### Problem requirements:
Please make an exact copy of the lines from the one holding "Moderne 2-Zimmer-Wohnung: Helle" through the end of the data, both ends included, with no pictures.

### Dataset excerpt:
-=-=-=-=-
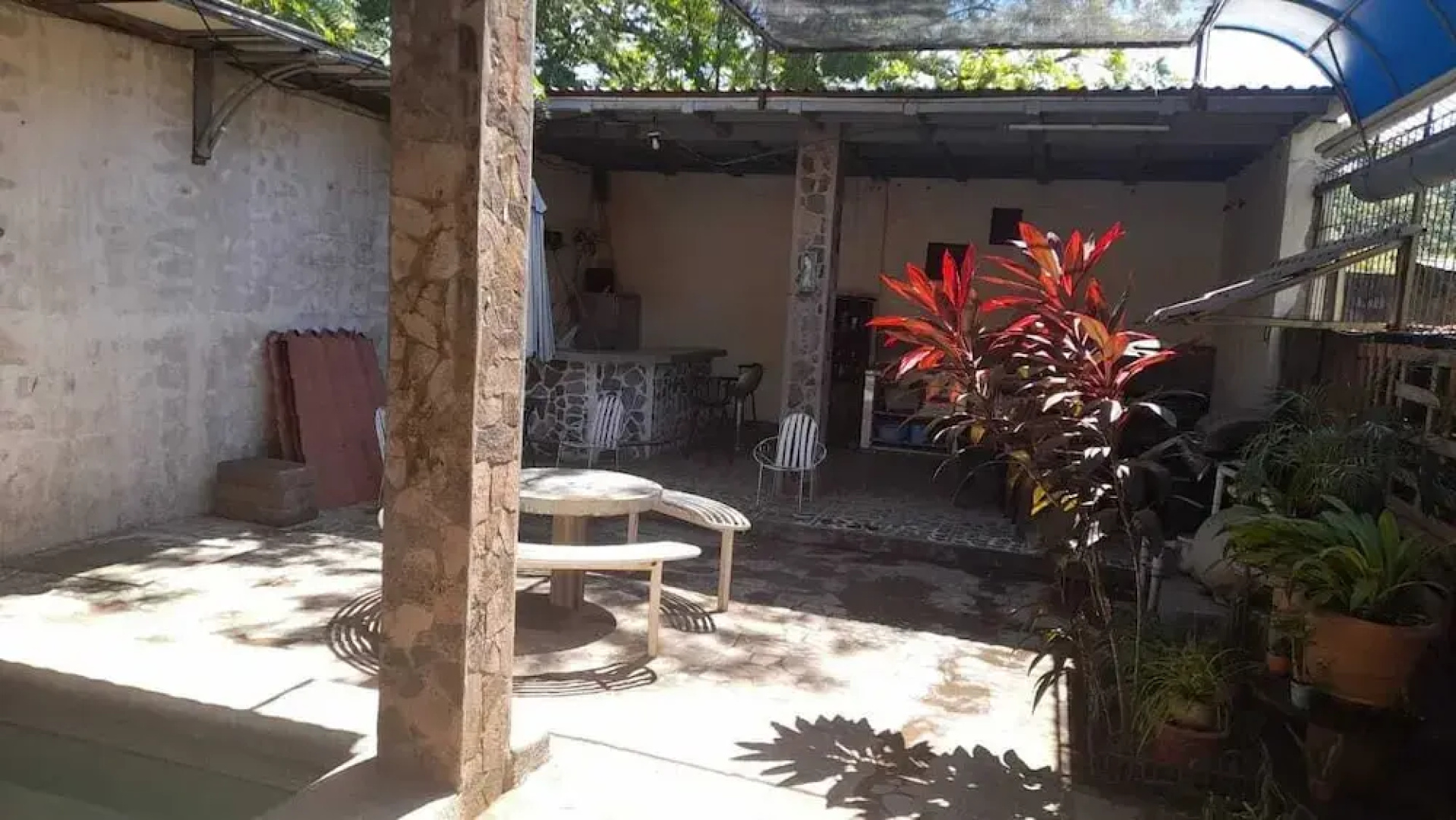 Hostal Ruinas de San Sebastian - Hostel
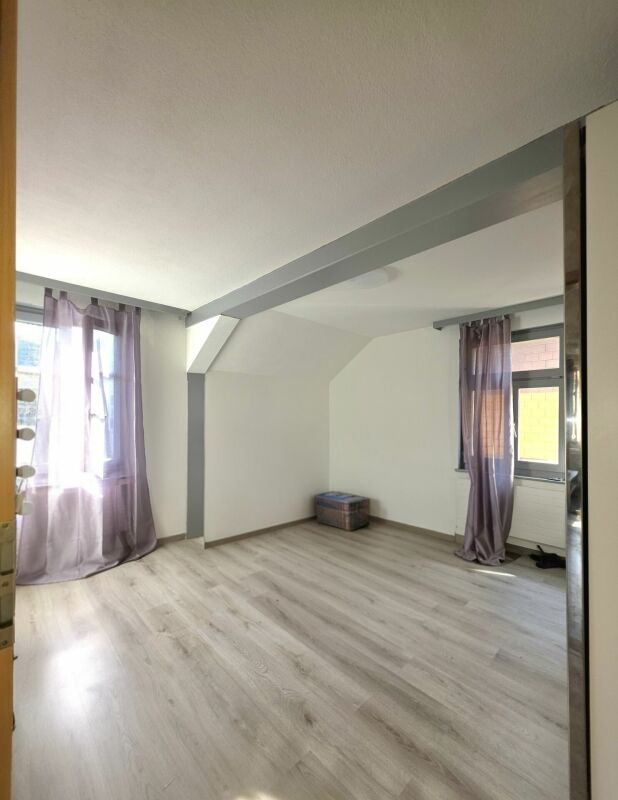 Freistehendes Einfamililenhaus mit je einer Wohnung pro Stockwerk und Bauparzelle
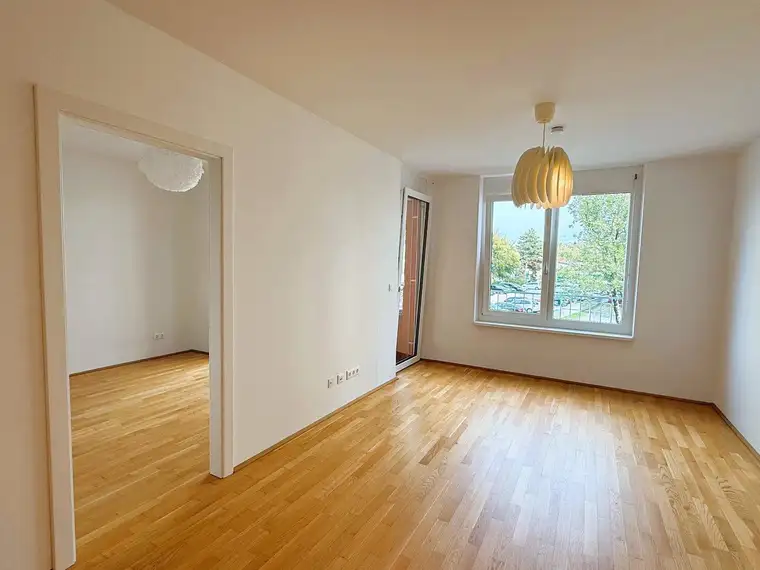 Moderne 2-Zimmer-Wohnung: Helle Räume, tolle Loggia &amp; Top-Aufteilung - ab 01.11!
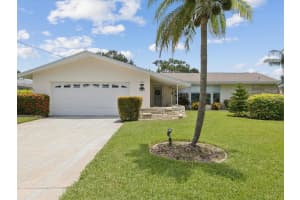 1745 Harbor Cir W, LARGO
-=-=-=-=-
### Answer section:
 Moderne 2-Zimmer-Wohnung: Helle Räume, tolle Loggia &amp; Top-Aufteilung - ab 01.11!
 1745 Harbor Cir W, LARGO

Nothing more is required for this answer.